Quote the entries below from the line with "Ngày 21/5/2016, Amber" through the line with "福州米兰医学美容门诊部擅长项目。", both ends included, and only those lines.

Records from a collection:

=======

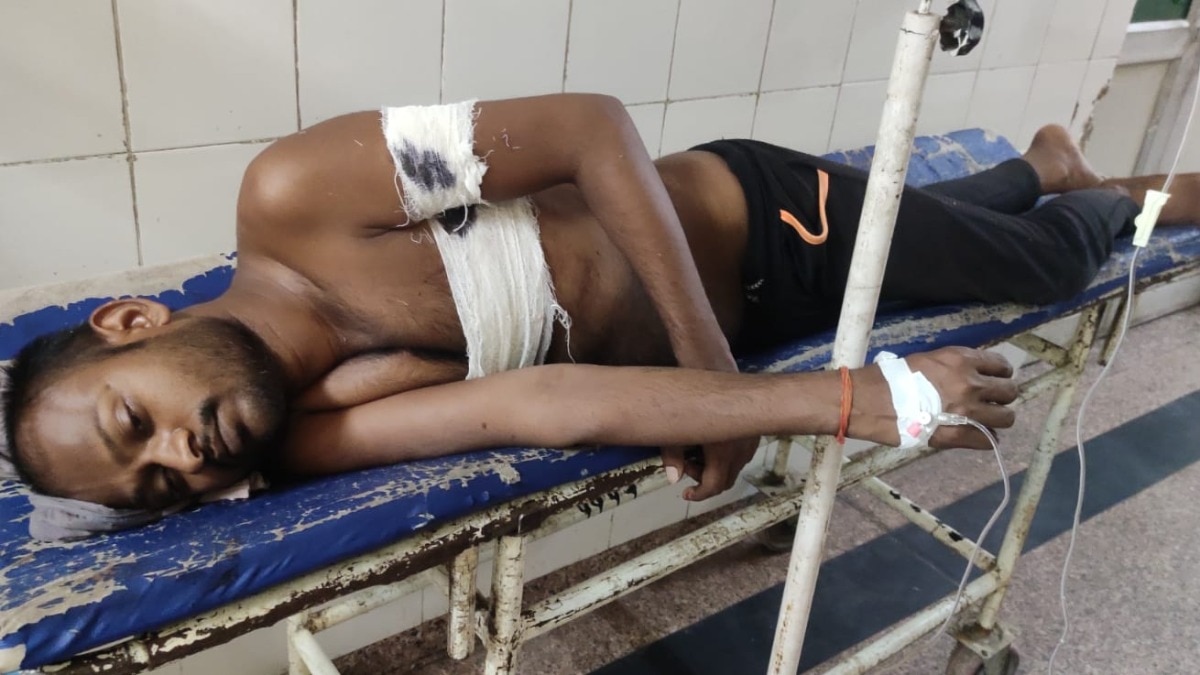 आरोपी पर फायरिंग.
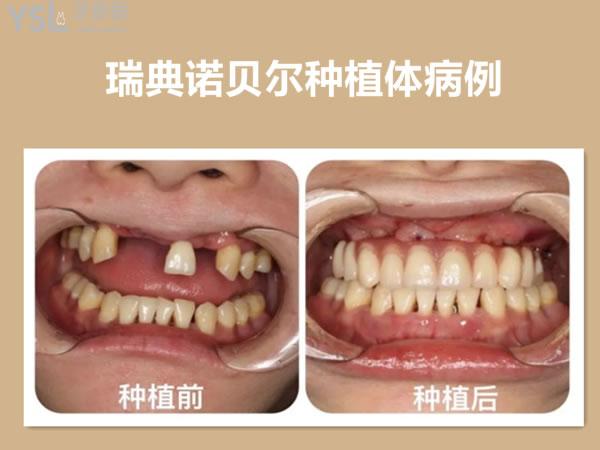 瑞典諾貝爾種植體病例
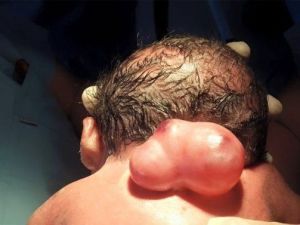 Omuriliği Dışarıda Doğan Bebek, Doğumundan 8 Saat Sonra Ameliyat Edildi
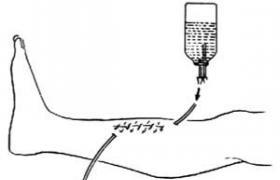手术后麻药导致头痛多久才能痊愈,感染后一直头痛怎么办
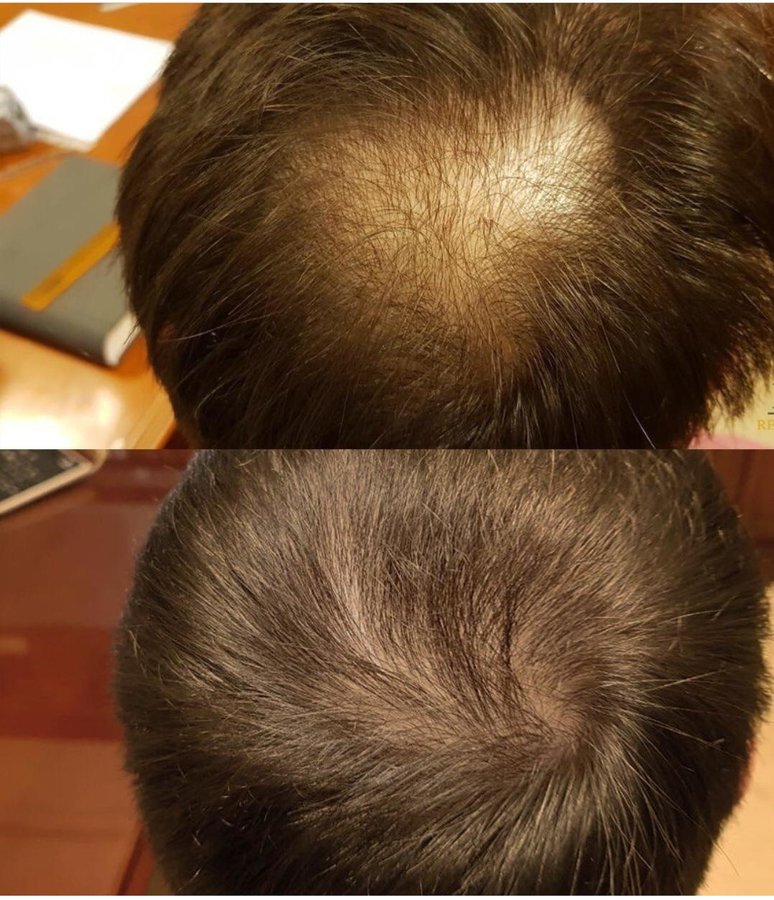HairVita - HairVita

=======

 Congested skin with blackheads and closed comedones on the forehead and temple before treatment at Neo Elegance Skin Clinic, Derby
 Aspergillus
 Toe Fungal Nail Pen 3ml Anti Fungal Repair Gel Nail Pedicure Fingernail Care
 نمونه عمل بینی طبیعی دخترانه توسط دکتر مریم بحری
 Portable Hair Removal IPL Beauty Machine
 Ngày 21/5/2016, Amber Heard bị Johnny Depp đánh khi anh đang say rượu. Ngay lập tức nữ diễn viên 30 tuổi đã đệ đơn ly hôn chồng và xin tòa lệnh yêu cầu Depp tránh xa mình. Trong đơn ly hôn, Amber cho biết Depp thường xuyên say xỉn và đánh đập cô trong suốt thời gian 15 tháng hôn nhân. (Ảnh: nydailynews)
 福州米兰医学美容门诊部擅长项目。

=======

▶ **Task response**:
 Ngày 21/5/2016, Amber Heard bị Johnny Depp đánh khi anh đang say rượu. Ngay lập tức nữ diễn viên 30 tuổi đã đệ đơn ly hôn chồng và xin tòa lệnh yêu cầu Depp tránh xa mình. Trong đơn ly hôn, Amber cho biết Depp thường xuyên say xỉn và đánh đập cô trong suốt thời gian 15 tháng hôn nhân. (Ảnh: nydailynews)
 福州米兰医学美容门诊部擅长项目。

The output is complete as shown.